# GIVEN DATA:
- Opening Delimiter -
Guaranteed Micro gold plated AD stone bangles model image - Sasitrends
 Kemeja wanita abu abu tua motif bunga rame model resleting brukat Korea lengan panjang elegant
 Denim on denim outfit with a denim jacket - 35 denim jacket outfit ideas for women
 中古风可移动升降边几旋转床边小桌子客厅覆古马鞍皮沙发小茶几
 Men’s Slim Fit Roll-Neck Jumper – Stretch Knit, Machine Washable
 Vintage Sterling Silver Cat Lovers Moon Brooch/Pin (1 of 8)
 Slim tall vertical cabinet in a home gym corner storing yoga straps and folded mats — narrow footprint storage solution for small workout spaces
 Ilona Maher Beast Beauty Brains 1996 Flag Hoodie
- Closing Delimiter -
# WORK INSTRUCTION:
Go through the records above and count the lines with the word "Slim" in them. Answer with the number only.

# PROBLEM SOLUTION:
2